● **Task objective**
Every record must be repeated exactly; omit any pictures they contain.
[Extracted material Boundary: Start]
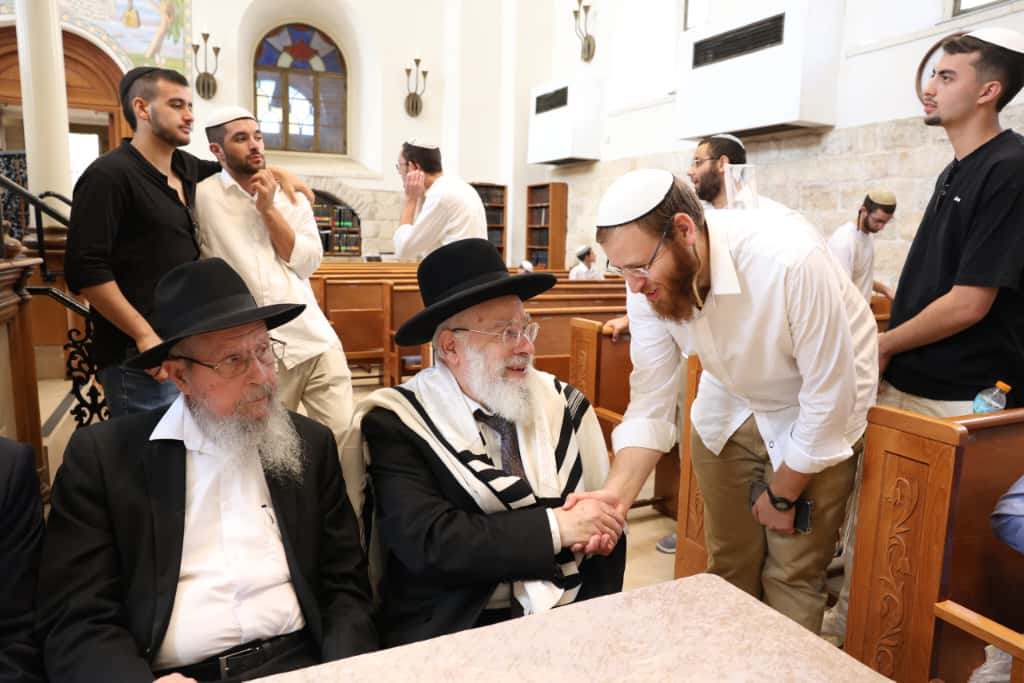 הקבלת פני רבו לרבני הציונות הדתית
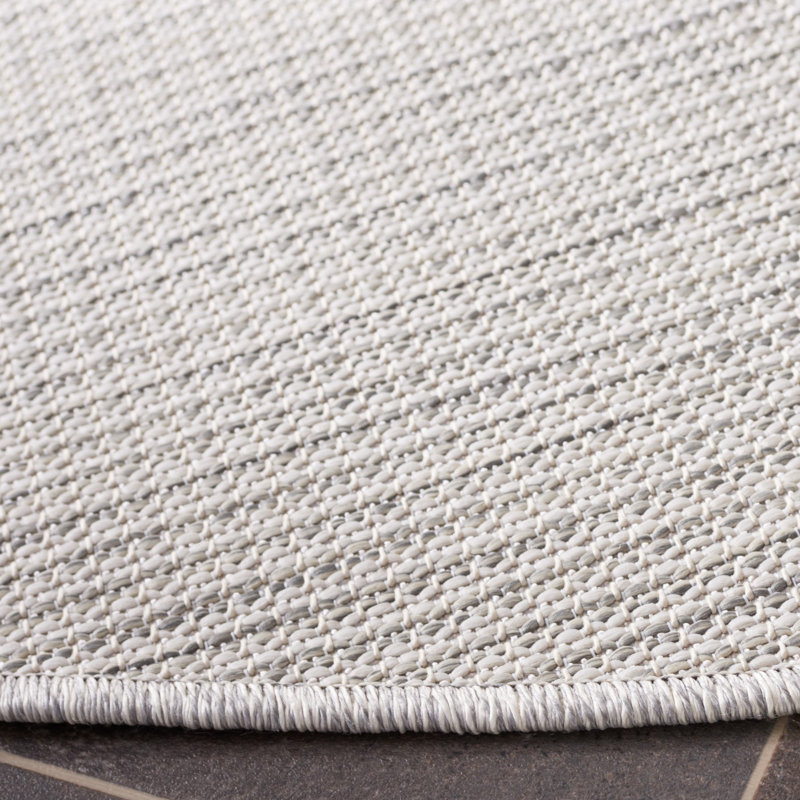 Tapis d'intérieur / extérieur à motif géométrique MSR400, Rectangle 5 pi 1 po x 7 pi 6 po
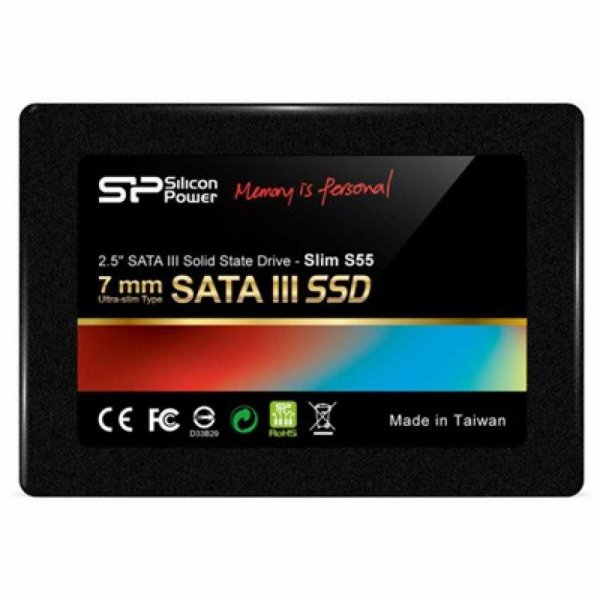 Накопичувач SSD 2.5 60GB Silicon Power (SP060GBSS3S55S25)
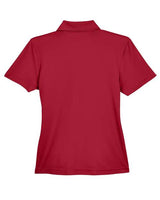 Core 365 78181P Ladies' Origin Performance Piqu Polo with Pocket #color_CLASSIC RED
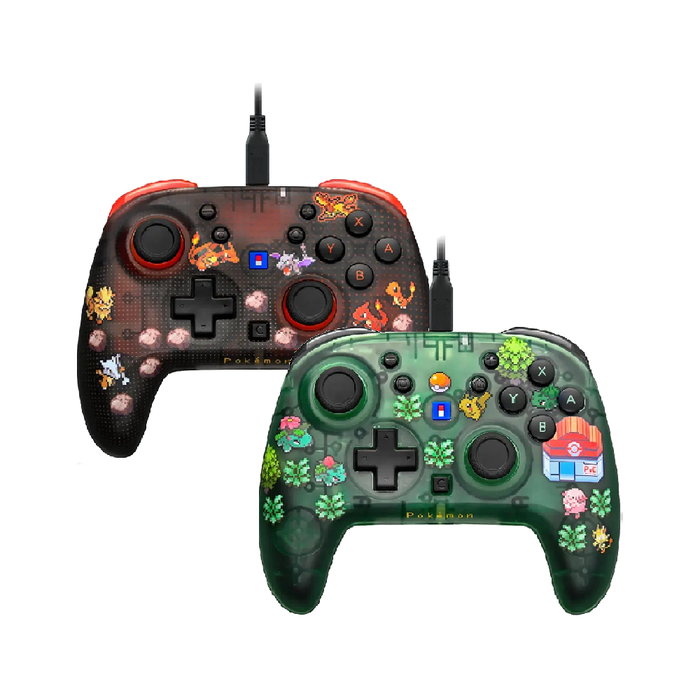 Hori Wired Horipad Turbo for Nintendo Switch 2 - Pokemon Pixel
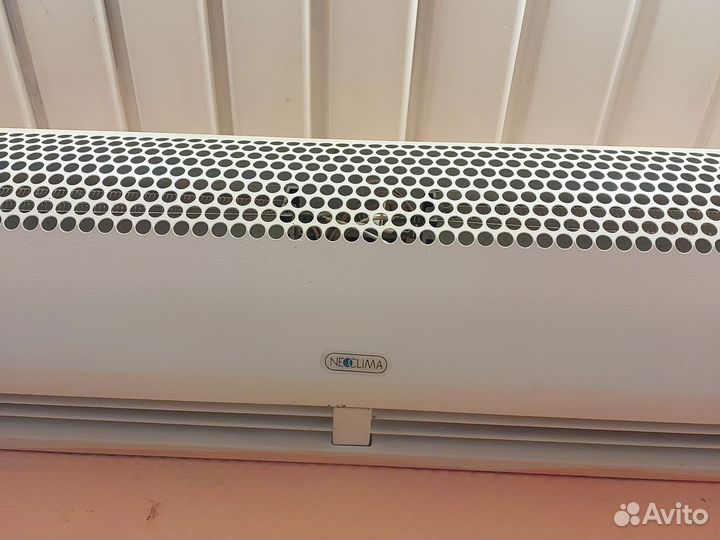 Тепловая завеса бу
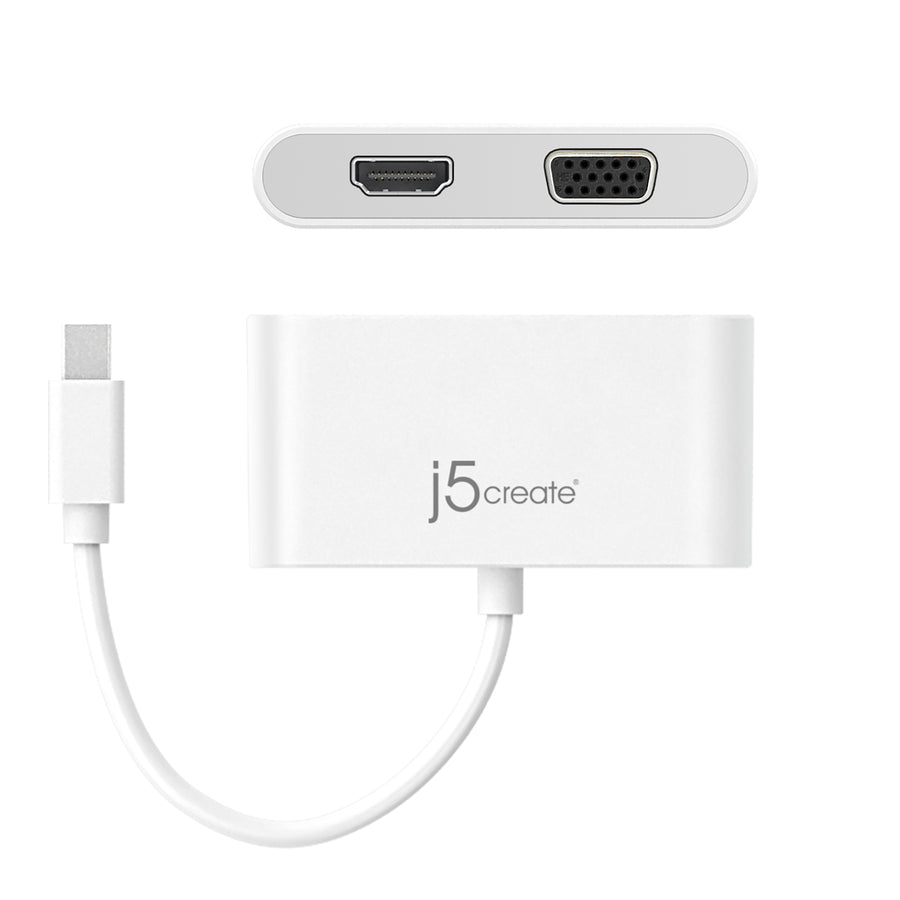 J5CREATE USB-C TO HDMI & VGA ADAPTER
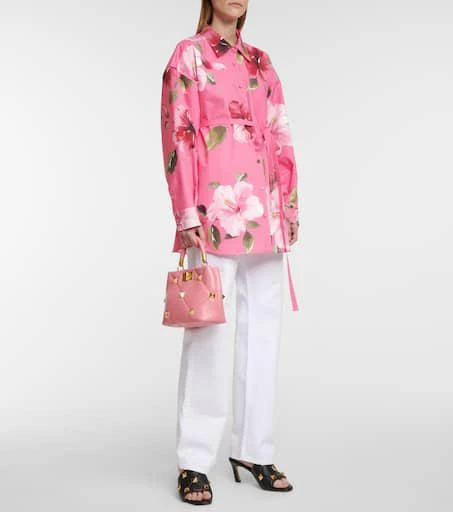 Valentino Floral cotton jacket 6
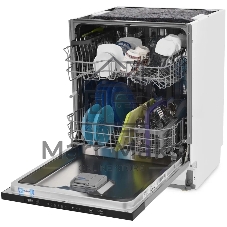 Встраиваемая посудомоечная машина Beko BDIN16420, белый, 59.8 см, 14 компл., 48 дБ, класс A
[Extracted material Boundary: End]
● **Answer box**
 הקבלת פני רבו לרבני הציונות הדתית
 Tapis d'intérieur / extérieur à motif géométrique MSR400, Rectangle 5 pi 1 po x 7 pi 6 po
 Накопичувач SSD 2.5 60GB Silicon Power (SP060GBSS3S55S25)
 Core 365 78181P Ladies' Origin Performance Piqu Polo with Pocket #color_CLASSIC RED
 Hori Wired Horipad Turbo for Nintendo Switch 2 - Pokemon Pixel
 Тепловая завеса бу
 J5CREATE USB-C TO HDMI & VGA ADAPTER
 Valentino Floral cotton jacket 6
 Встраиваемая посудомоечная машина Beko BDIN16420, белый, 59.8 см, 14 компл., 48 дБ, класс A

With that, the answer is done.